3) Even the most innovative approaches cannot succeed where trust and confidence is missing.

So you have the resources, and you have the ideas to make those resources go farther than ever before. Sounds like a recipe for success! There’s just one problem. Bilateral donors might be on board, and the governments of developing countries are more ready than ever to make major gains towards the SDGs, but all of this leg work is for naught if you don’t have the buy-in of civil society.

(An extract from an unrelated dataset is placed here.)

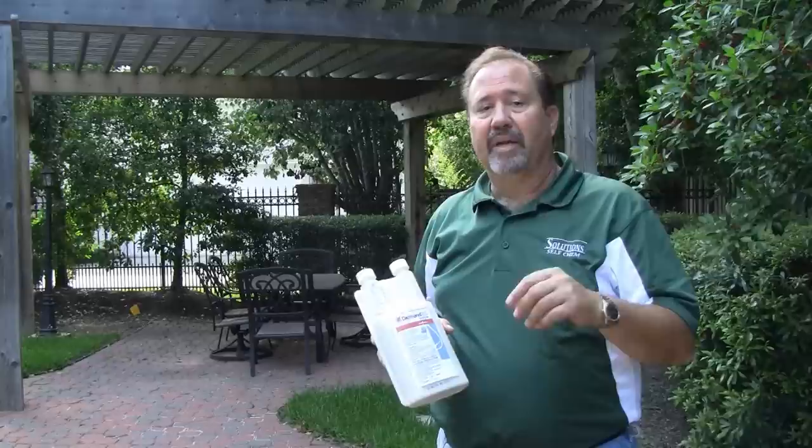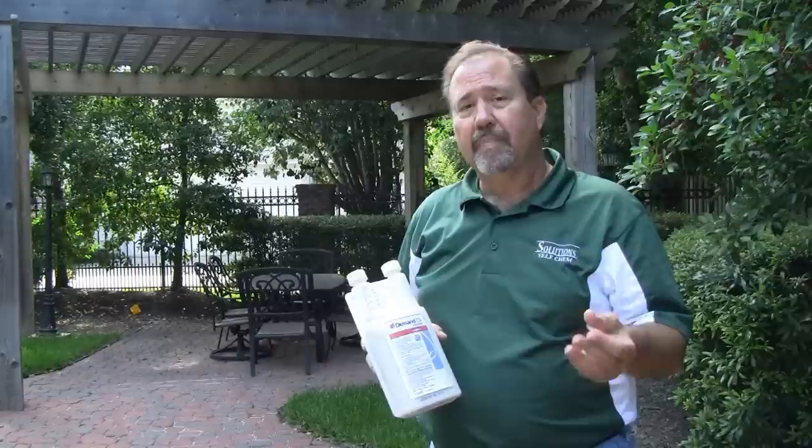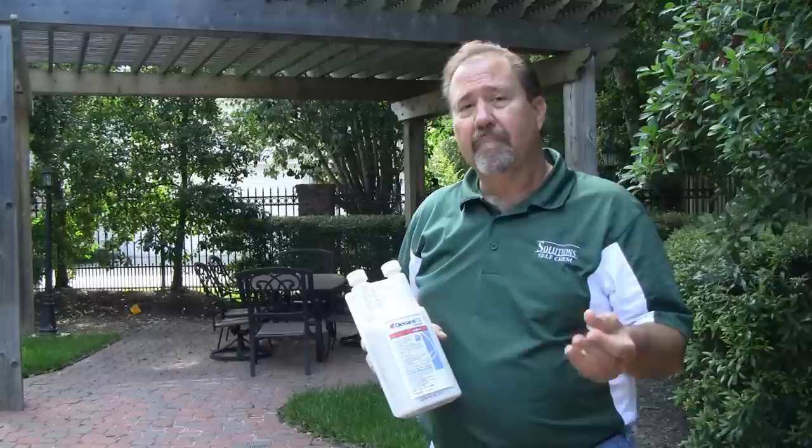In this particular case for the carpenter bees, we're going to mix anywhere from 0.2 to 0.4 ounces per gallon of water and apply it to the point of runoff. The product has a great residual, and we want to apply it in early spring, then probably every 30 days up until sometime in mid-summer.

All of the panelists shared anecdotes of incidences where a lack of trust was the downfall of an otherwise promising health program. Andy Wilson gave one example; with the recent emphasis on Health Systems Strengthening, many governments are focused on the establishment of a health insurance system. However, in places where citizens have built a distrust of public services, they are unlikely to want to pay into a government system. Plain and simple: it’s really hard to mobilize domestic resources if your citizens don’t want to cough up those resources, and even harder the more a society is marred by a history of unaccountability. Any innovative financing mechanism will have to focus on bridging the trust gap just as much as bridging the financial one.

There is no better way to encompass the prevailing consensus from the panel than the exact way that moderator Amadou Sy of Brookings Institution did. The oft-cited saying rings true: “More money for health, more health for the money.” The challenge now is funneling that money into devices allowing it to reach each and every person the SDGs aspire to capture.